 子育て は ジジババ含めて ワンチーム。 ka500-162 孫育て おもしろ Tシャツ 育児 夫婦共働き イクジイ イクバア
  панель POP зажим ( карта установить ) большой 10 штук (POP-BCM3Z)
==
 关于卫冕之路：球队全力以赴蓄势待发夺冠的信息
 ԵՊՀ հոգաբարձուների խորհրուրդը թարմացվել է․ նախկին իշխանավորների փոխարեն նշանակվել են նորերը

▶ [Directions] The required output is the stretch of entries above from the line containing "关于卫冕之路：球队全力以赴蓄势待发夺冠的信息" through the line containing "ԵՊՀ հոգաբարձուների խորհրուրդը", reproduced exactly.

▶ [Response to the exercise]
 关于卫冕之路：球队全力以赴蓄势待发夺冠的信息
 ԵՊՀ հոգաբարձուների խորհրուրդը թարմացվել է․ նախկին իշխանավորների փոխարեն նշանակվել են նորերը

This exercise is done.